Türkiye, son yıllarda sendikal örgütlenmenin fiilen engellendiği, grev yasaklarının olağanlaştığı bir ülke haline geldi. Son yıllarda başlatılan neredeyse her grev “milli güvenlik” ya da “kamu sağlığı” gerekçesiyle yasaklandı. Grev hakkı olmayan bir ülkede toplu pazarlık bir anlam ifade etmez. Dahası, sendikal barajlar bugün işçilerin örgütlenme hakkını fiilen ortadan kaldıran bir işlev görüyor. Uzun yıllardır işçi örgütlenmelerinin önünde bir duvar gibi yükselen antidemokratik baraj sistemiyle, işçilerin büyük kısmı fiilen toplu sözleşme hakkından mahrum bırakılıyor. Bu nedenle “barajsız sendika, yasaksız grev ve güvenceli iş” talebi, 1 Mayıs ve sonrasında yürütülecek mücadele açısından sadece bir slogan değil, işçi sınıfının öncelikli talebi olarak yer almak zorunda.

Bu yıl 1 Mayıs’a katılmak, sefalet ücretlerine, güvencesizliğe, sendikasızlığa, seçme ve seçilme hakkı başta olmak üzere hak gasplarına ve iktidarın siyasal baskılarına karşı bir direniş iradesi ortaya koymak anlamına gelecek. 1 Mayıs’ta ülkenin her yerinde ekonomik ve siyasal taleplerle alanlara çıkmak, sermayeye ve onun sözcüsü iktidara örgütlü emeğin tarihsel gücünü yeniden hatırlatmak, ekonomik-siyasal karakterli saldırılar artarken meydanın boş olmadığını göstermek gerekiyor.

İktidarın yarattığı korku ikliminin dağılmaya başladığı böylesine önemli bir dönemde 1 Mayıs emeğin yeniden ayağa kalktığı, umudun büyütüldüğü yeni bir mücadele döneminin görkemli bir başlangıcı olmalıdır. Bunun için sendikalar ve emek örgütleri başta olmak üzere, her kesimin 1 Mayıs’ın kitlesel, yaygın ve güçlü olması için çalışması gerekiyor.
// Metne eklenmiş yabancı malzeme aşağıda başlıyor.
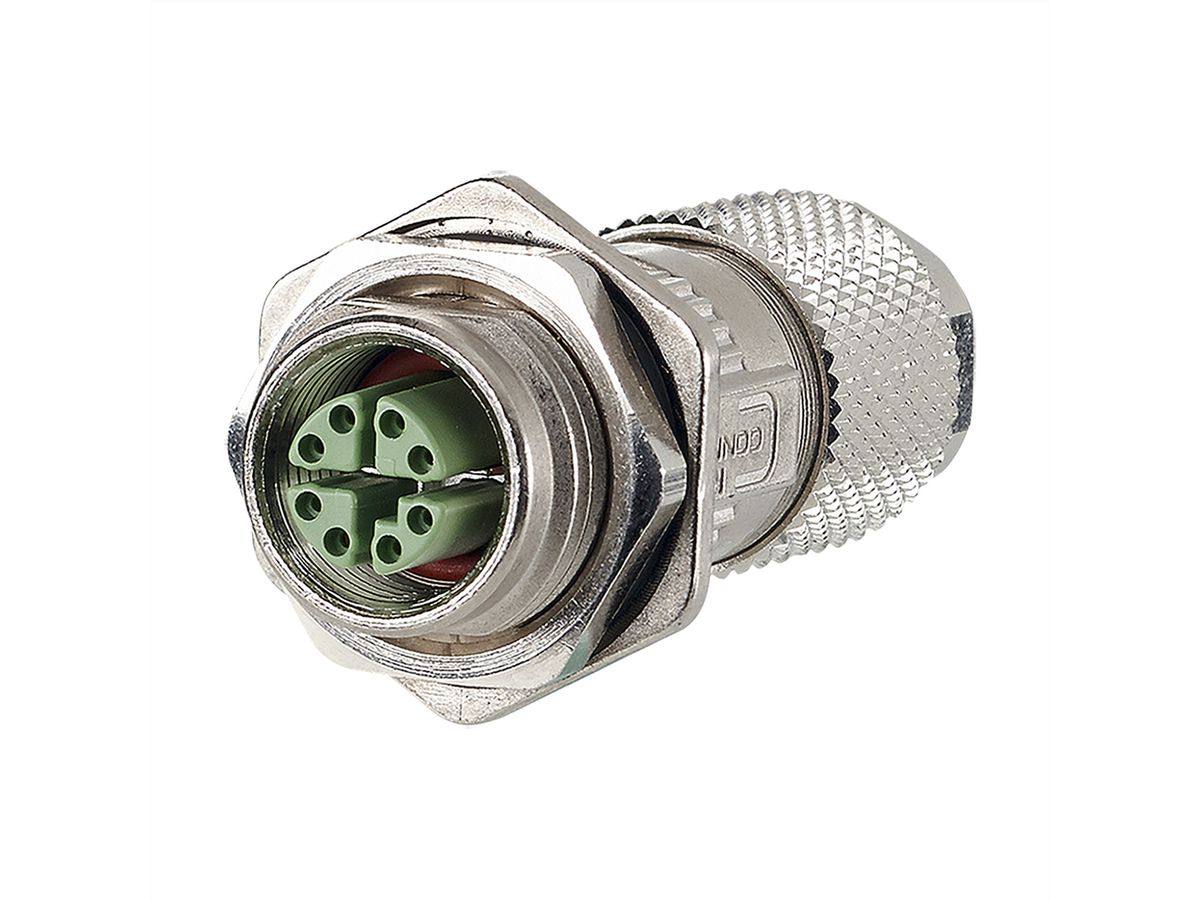 METZ CONNECT M12 connecteur codage X IP67, à confectionner sur site avec bride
İşçi sınıfının evrensel anlamda birlik, mücadele ve dayanışma günü olan 1 Mayıs, ilk kutlandığı 1890 yılından bu yana işçi sınıfı tarihinin en önemli ve en özel günü olmayı sürdürüyor. Bu nedenle bu 1 Mayıs, takvimde sırası geldiği için değil; işçi ve emekçilerin en geniş kesimlerinin ortak talepler etrafında birleşmesi ve sürekli şikayet edilen bu düzeni değiştirmek için ileriye doğru atılacak bir adım olarak görülmesi önemli.